[Opening Dataset content section]

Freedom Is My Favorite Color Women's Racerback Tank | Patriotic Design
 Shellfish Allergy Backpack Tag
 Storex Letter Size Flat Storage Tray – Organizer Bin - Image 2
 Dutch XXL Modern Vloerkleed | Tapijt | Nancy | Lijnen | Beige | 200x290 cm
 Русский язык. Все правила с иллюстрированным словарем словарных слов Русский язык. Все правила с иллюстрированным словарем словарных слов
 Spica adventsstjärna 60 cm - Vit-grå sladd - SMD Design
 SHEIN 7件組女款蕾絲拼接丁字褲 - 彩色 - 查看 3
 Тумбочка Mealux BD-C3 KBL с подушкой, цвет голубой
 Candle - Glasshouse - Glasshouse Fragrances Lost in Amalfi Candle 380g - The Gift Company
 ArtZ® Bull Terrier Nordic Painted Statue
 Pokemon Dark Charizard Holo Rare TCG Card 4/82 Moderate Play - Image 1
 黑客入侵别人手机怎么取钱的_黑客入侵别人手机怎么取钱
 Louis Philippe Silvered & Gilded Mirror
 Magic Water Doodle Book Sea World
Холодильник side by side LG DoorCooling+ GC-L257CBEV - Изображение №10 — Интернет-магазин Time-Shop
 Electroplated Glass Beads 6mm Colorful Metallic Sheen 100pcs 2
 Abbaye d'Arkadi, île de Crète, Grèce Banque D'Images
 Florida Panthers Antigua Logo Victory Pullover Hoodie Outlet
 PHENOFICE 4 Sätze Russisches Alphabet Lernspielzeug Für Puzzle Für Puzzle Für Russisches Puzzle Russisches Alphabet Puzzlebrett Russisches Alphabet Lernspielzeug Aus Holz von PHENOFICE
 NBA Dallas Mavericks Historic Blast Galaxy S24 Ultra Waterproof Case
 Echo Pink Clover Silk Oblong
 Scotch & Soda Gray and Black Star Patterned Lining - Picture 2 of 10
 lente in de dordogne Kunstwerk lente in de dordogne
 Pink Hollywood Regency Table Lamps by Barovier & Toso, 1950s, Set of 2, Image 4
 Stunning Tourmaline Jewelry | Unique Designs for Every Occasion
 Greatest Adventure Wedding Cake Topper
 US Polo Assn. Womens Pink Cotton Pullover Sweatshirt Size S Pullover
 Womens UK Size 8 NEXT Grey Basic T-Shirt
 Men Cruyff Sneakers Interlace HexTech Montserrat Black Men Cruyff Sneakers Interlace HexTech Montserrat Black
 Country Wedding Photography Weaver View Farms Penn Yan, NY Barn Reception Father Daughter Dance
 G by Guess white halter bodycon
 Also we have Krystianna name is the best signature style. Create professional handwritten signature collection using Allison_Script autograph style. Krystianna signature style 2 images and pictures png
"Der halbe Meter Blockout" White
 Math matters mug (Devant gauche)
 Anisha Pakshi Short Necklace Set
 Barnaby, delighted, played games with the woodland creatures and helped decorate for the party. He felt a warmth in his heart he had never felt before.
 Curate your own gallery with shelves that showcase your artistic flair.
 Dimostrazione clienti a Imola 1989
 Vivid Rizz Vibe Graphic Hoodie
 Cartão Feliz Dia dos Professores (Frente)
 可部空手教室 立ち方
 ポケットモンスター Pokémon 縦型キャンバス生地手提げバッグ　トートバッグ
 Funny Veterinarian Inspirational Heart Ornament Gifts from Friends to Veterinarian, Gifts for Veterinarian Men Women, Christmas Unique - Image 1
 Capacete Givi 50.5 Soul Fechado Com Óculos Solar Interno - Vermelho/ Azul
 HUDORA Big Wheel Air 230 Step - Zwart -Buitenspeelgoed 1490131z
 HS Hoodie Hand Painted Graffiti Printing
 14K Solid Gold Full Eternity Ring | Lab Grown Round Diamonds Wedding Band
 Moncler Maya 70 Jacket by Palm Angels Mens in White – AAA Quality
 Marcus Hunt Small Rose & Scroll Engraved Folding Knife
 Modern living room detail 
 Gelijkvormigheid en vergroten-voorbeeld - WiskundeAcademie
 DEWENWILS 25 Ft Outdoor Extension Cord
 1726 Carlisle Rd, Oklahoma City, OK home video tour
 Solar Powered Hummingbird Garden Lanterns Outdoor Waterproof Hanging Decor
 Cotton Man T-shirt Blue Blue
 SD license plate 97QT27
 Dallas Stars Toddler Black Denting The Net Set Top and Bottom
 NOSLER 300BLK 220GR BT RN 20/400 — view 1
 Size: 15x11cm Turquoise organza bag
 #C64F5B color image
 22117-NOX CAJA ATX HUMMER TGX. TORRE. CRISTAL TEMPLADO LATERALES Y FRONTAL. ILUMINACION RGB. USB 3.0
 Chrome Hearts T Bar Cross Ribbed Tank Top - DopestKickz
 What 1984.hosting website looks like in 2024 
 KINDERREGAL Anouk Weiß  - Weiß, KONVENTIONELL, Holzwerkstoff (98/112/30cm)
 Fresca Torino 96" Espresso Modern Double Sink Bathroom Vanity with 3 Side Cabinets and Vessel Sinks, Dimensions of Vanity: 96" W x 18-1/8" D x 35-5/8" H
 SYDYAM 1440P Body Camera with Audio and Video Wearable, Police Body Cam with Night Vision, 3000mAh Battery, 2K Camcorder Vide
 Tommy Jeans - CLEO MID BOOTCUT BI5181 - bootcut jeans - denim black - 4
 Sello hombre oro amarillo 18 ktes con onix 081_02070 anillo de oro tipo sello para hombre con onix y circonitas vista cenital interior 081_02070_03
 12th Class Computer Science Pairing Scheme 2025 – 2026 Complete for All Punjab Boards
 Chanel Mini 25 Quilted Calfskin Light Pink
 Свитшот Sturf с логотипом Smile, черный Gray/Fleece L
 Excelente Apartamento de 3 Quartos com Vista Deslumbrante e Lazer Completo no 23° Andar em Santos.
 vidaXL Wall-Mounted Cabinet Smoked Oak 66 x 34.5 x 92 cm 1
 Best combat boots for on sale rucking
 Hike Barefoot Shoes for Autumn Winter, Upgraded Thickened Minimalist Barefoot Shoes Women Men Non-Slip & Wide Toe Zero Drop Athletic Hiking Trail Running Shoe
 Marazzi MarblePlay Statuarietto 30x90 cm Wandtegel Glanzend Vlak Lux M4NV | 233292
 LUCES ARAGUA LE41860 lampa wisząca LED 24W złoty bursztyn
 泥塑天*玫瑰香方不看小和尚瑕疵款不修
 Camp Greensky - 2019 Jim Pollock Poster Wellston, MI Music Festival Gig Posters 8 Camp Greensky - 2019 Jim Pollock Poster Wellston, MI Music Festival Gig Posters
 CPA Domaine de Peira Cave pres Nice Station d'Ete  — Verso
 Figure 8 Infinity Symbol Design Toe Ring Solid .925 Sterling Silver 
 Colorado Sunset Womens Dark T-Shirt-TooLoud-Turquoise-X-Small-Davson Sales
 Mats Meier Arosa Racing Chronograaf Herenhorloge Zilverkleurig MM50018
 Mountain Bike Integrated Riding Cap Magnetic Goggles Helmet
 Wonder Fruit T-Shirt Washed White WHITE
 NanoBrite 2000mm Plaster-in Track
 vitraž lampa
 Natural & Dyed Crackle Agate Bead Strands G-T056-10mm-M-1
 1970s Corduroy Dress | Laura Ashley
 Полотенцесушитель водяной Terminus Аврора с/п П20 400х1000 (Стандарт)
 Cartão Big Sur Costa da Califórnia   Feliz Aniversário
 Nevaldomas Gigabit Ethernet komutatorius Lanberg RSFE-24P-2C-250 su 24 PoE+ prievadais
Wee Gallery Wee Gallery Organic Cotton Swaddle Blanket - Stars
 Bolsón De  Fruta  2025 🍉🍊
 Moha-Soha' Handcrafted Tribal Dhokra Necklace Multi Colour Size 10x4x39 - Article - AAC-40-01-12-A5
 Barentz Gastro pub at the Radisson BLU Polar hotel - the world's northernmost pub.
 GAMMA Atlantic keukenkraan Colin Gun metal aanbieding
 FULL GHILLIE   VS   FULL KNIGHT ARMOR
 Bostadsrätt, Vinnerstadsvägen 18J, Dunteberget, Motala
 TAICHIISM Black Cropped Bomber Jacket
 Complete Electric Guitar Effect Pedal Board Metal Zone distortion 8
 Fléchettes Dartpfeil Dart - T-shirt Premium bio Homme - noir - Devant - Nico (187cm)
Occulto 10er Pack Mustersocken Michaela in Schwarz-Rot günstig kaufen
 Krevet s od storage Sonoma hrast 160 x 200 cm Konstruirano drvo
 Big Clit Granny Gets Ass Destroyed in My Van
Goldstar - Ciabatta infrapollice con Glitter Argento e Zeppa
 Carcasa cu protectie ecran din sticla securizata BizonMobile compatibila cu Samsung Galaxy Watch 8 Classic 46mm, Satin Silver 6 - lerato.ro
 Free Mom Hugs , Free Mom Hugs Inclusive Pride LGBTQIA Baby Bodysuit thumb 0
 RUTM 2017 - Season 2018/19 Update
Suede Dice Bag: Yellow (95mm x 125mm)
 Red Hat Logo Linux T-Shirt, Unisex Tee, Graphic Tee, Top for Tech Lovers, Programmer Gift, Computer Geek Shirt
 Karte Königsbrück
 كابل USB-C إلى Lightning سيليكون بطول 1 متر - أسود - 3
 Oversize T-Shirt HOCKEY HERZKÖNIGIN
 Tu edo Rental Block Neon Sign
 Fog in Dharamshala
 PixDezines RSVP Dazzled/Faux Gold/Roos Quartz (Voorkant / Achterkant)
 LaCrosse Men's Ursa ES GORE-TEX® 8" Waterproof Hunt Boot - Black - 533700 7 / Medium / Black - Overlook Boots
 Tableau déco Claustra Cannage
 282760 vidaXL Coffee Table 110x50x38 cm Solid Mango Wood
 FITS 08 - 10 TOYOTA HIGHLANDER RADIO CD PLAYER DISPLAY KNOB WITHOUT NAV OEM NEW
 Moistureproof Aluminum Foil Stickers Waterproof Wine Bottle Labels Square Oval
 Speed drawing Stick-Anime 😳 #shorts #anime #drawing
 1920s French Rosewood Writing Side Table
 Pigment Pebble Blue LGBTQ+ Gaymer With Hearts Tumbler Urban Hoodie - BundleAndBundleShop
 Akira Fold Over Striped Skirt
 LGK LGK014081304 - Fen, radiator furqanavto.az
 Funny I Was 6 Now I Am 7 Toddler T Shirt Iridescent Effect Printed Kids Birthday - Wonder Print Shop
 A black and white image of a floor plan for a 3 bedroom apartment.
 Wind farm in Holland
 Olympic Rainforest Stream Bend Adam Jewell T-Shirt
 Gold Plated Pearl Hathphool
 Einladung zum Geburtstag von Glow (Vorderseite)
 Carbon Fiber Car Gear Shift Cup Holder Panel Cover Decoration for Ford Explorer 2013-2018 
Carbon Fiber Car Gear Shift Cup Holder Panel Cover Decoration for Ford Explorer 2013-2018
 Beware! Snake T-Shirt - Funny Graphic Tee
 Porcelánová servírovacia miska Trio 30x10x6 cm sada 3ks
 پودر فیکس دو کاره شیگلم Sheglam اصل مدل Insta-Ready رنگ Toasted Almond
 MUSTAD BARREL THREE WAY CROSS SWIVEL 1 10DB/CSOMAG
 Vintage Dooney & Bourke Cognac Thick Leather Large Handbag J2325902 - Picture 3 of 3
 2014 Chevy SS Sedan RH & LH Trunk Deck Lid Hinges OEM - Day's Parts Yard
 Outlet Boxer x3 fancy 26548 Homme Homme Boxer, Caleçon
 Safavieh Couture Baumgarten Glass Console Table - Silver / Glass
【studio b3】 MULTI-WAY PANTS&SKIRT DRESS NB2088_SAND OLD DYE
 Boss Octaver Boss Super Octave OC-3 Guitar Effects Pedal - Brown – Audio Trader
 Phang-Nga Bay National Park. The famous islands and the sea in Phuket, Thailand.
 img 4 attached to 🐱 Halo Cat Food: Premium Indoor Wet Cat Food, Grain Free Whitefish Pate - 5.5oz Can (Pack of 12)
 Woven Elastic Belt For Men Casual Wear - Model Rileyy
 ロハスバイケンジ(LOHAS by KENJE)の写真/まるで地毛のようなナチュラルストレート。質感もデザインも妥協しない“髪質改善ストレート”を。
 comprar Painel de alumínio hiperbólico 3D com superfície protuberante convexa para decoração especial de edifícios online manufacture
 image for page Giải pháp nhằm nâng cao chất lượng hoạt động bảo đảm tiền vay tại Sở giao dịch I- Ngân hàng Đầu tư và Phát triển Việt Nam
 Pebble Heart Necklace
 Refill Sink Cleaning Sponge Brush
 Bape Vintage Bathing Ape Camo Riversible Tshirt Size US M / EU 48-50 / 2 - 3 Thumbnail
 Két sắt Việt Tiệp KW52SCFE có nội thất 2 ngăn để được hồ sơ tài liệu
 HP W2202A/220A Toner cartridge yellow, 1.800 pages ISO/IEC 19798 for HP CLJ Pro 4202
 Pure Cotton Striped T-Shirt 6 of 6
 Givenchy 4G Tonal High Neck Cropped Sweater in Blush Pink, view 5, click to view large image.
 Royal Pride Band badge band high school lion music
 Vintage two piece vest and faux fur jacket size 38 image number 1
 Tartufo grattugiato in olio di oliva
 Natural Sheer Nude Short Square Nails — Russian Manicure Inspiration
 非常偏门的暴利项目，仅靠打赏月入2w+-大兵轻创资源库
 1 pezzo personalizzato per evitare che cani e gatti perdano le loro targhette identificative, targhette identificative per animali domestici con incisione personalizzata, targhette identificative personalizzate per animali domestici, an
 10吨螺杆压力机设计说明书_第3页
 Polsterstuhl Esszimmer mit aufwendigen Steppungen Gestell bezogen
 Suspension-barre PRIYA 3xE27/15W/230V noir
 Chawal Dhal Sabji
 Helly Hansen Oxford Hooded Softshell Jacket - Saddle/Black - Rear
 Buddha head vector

[Closing Dataset content section]

■ **What to do**: From the records above, copy each line that contains the word "Hoodie".

■ **Answer section**:
 Florida Panthers Antigua Logo Victory Pullover Hoodie Outlet
 Vivid Rizz Vibe Graphic Hoodie
 HS Hoodie Hand Painted Graffiti Printing
 Pigment Pebble Blue LGBTQ+ Gaymer With Hearts Tumbler Urban Hoodie - BundleAndBundleShop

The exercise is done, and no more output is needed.